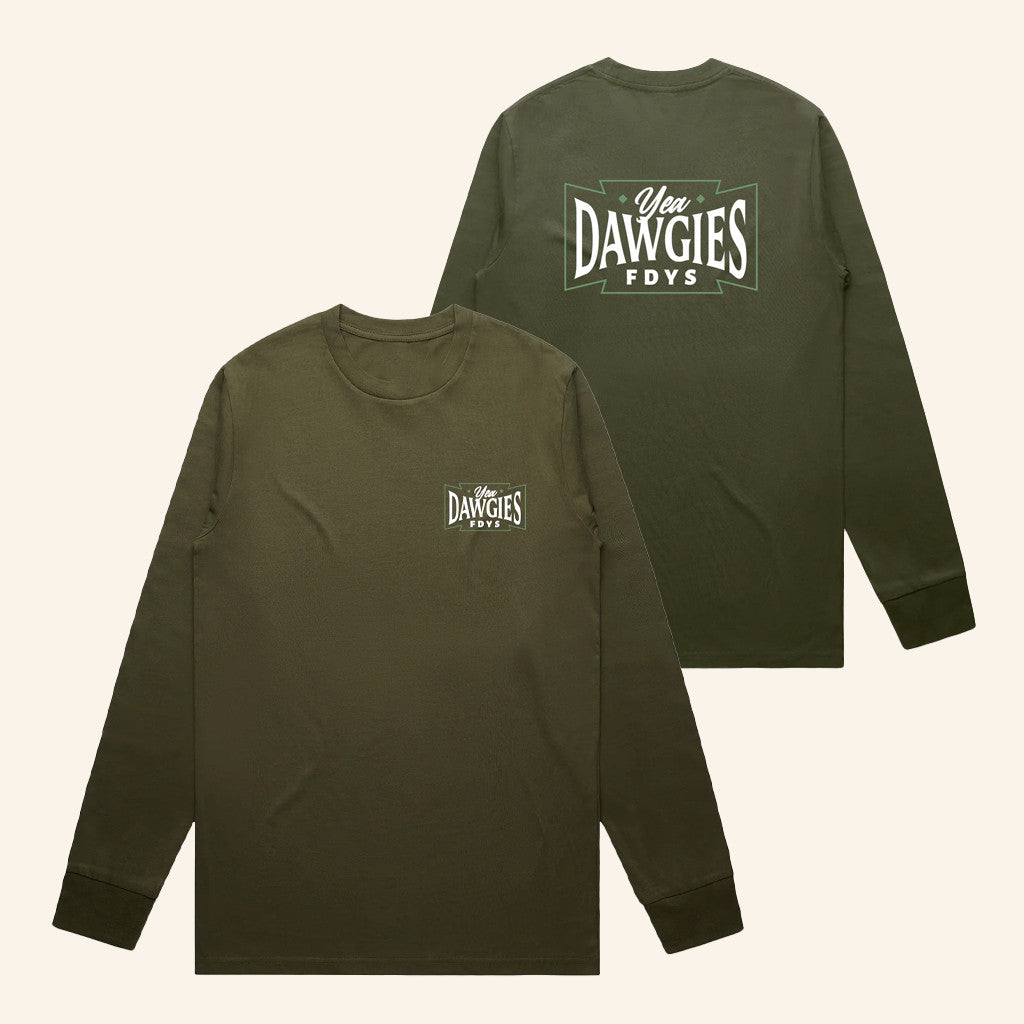 Field Day Merch Chopper Long Sleeve T-Shirt Birthday Gifts For Boyfriend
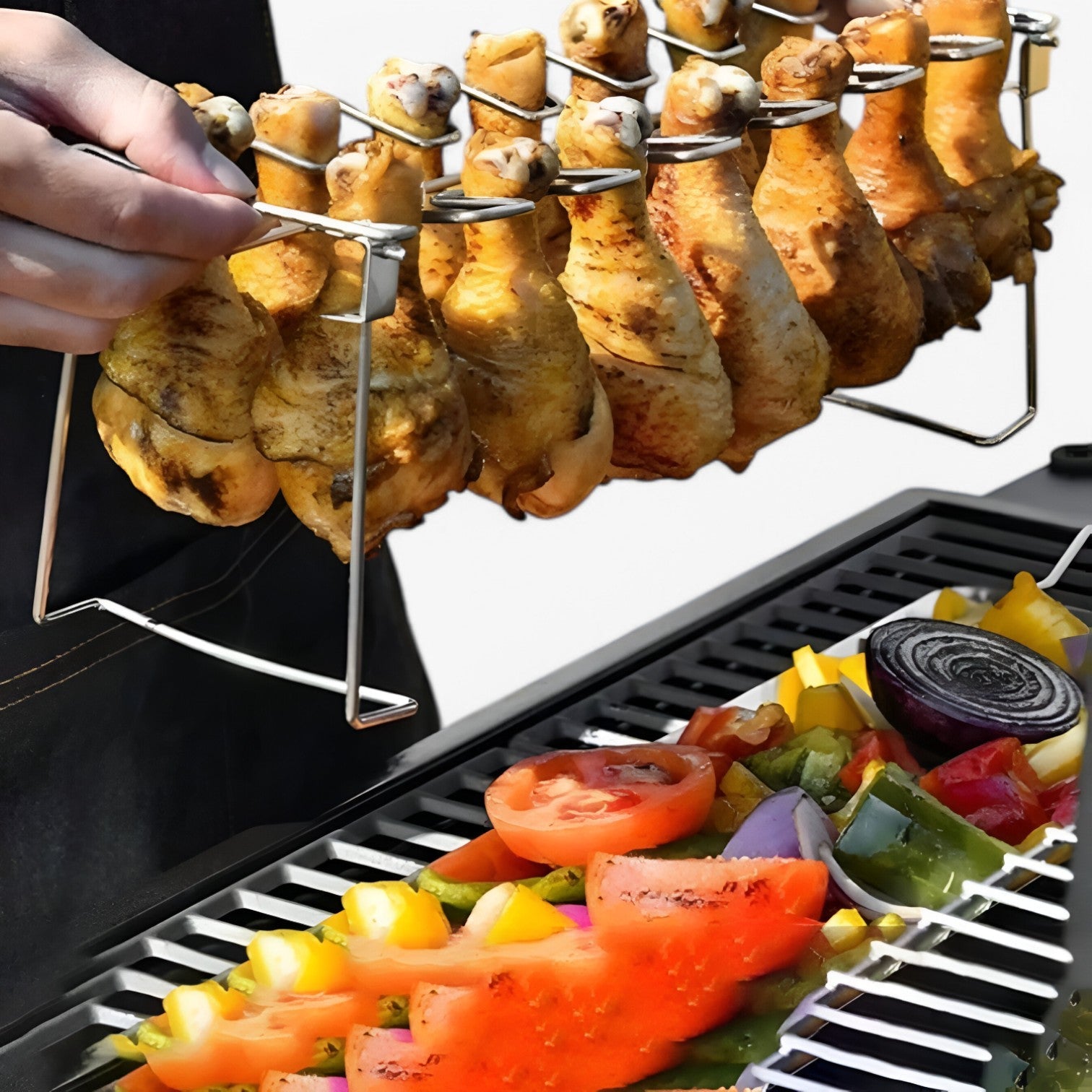 Stellan | BBQ Kiprek – Perfekt Sprødt & Let Grilling - - house & garden - {{ product_tags }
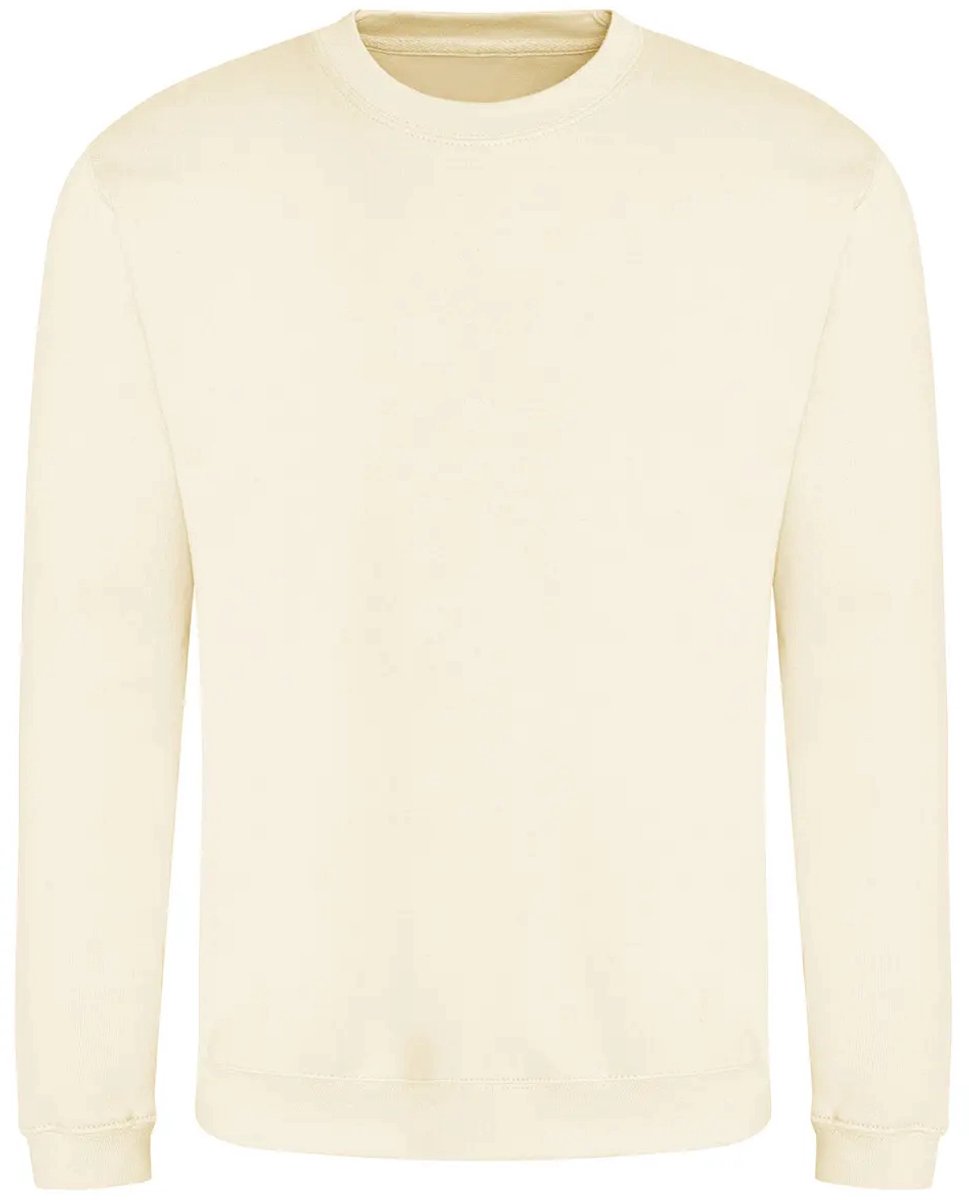 Sweater met ronde hals Just Hoods Awdis Beige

To do:
Print verbatim every line above, apart from the pictures.

Task answer:
 Field Day Merch Chopper Long Sleeve T-Shirt Birthday Gifts For Boyfriend
 Stellan | BBQ Kiprek – Perfekt Sprødt & Let Grilling - - house & garden - {{ product_tags }
 Sweater met ronde hals Just Hoods Awdis Beige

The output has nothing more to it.